Key Finding: Contrary to the popular belief that high-protein foods are necessarily lower in calories, high-protein foods in the USDA database are on average more calorie-dense than low-protein foods. Exploratory analysis reveals this is largely driven by fat content — many high-protein foods (e.g., nuts, seeds, processed meats, cheese) are simultaneously high in fat, which is the most calorie-dense macronutrient.

Importance: These findings have practical implications for dietary planning. Individuals selecting foods based solely on protein content may unintentionally consume more calories than expected. This underscores the importance of evaluating the full macronutrient profile rather than using protein content as a proxy for caloric “lightness.”

Limitations:

The 15g/100g threshold for “high protein” is arbitrary; different cutoffs could yield different group compositions.
This is an observational study — we cannot infer causation. Protein group membership does not cause higher calories; the relationship is confounded by fat content.
The USDA database includes raw, processed, and restaurant foods without weighting for actual consumption frequency, so the groups may not be representative of real dietary patterns.
The dataset does not account for serving size, which matters more for actual caloric intake than per-100g values.

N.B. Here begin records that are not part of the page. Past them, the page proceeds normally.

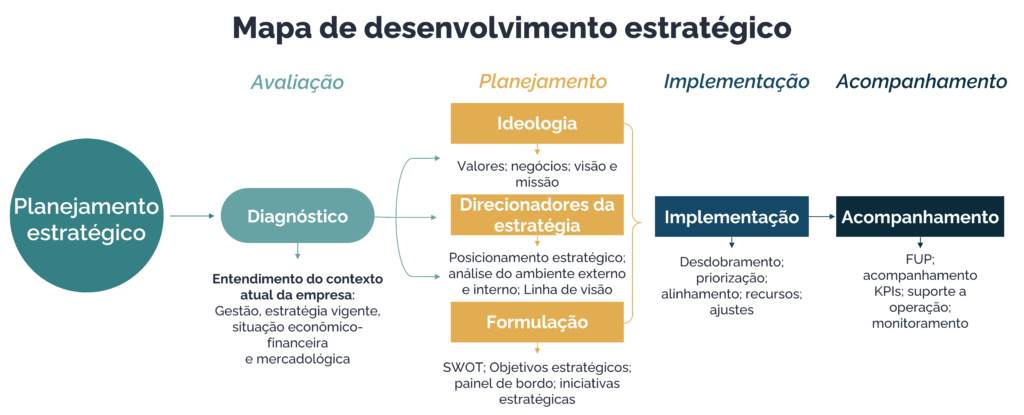 Mapa-de-Desenvolvimento-Estrategico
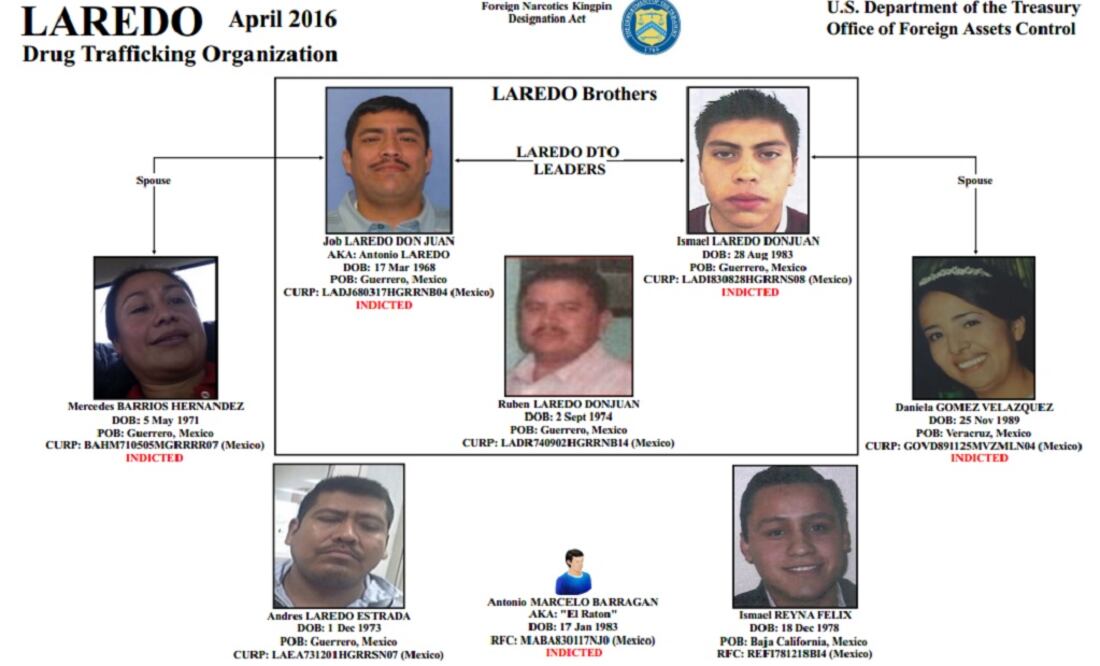 Additional Laredo drug-trafficking organzation members designated today include Rubén Laredo Donjuan, Andrés Laredo Estrada, and Ismael Reyna Félix. (Photo: Taken from www.treasury.gov)
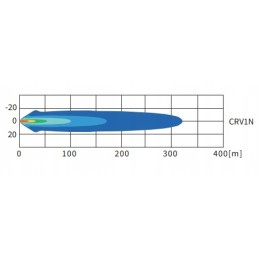 Wesem CRV1N 53601 00 darbo lempa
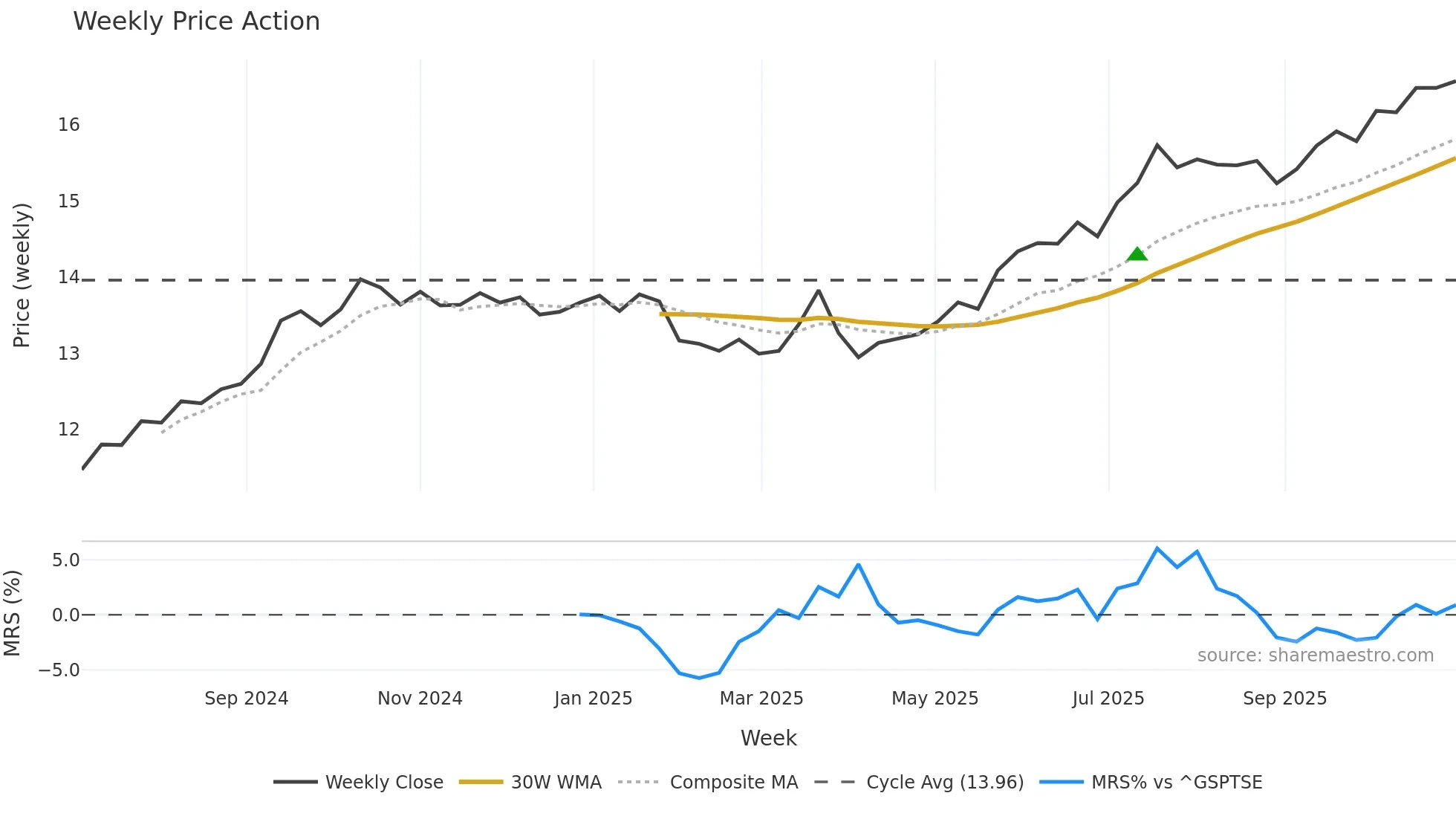 IS weekly Price Action chart, closing 2025-10-31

Future Directions: A follow-up analysis could use multiple regression with both protein and fat as continuous predictors of calorie content, or stratify by food category (e.g., meats vs. dairy vs. legumes) to better understand within-group variation.

References

Zezere, V. (n.d.). USDA food nutritional values [Dataset]. Kaggle. Retrieved from https://www.kaggle.com/datasets/viktorzezere/usda-food-nutritional-values

U.S. Department of Agriculture, Agricultural Research Service. USDA National Nutrient Database for Standard Reference. Retrieved from https://www.ars.usda.gov/northeast-area/beltsville-md-bhnrc/beltsville-human-nutrition-research-center/nutrient-data-laboratory/

R Core Team (2024). R: A language and environment for statistical computing. R Foundation for Statistical Computing, Vienna, Austria. https://www.R-project.org/

Wickham H, et al. (2019). Welcome to the tidyverse. Journal of Open Source Software, 4(43), 1686.

Appendix

# QQ plots to visualize departure from normality in each group
par(mfrow = c(1, 2))

qqnorm(food_clean$calories[food_clean$protein_group == "high"],
       main = "Q-Q Plot: High Protein")
qqline(food_clean$calories[food_clean$protein_group == "high"], col = "#E07B54", lwd = 2)

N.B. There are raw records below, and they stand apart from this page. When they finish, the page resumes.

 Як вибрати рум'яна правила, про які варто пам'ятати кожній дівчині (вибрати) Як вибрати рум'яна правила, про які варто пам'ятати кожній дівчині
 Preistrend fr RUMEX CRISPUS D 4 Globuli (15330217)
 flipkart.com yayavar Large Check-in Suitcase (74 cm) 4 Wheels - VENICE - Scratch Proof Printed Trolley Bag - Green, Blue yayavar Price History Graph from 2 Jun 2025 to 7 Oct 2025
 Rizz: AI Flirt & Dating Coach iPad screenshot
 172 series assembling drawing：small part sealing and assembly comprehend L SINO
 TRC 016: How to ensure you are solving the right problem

qqnorm(food_clean$calories[food_clean$protein_group == "low"],
       main = "Q-Q Plot: Low Protein")
qqline(food_clean$calories[food_clean$protein_group == "low"], col = "#5B8DB8", lwd = 2)

Both groups show deviation from normality in the tails (right skew), as expected for nutritional data. The large sample sizes in both groups (n >> 30) mean the Central Limit Theorem applies and the t-test remains valid.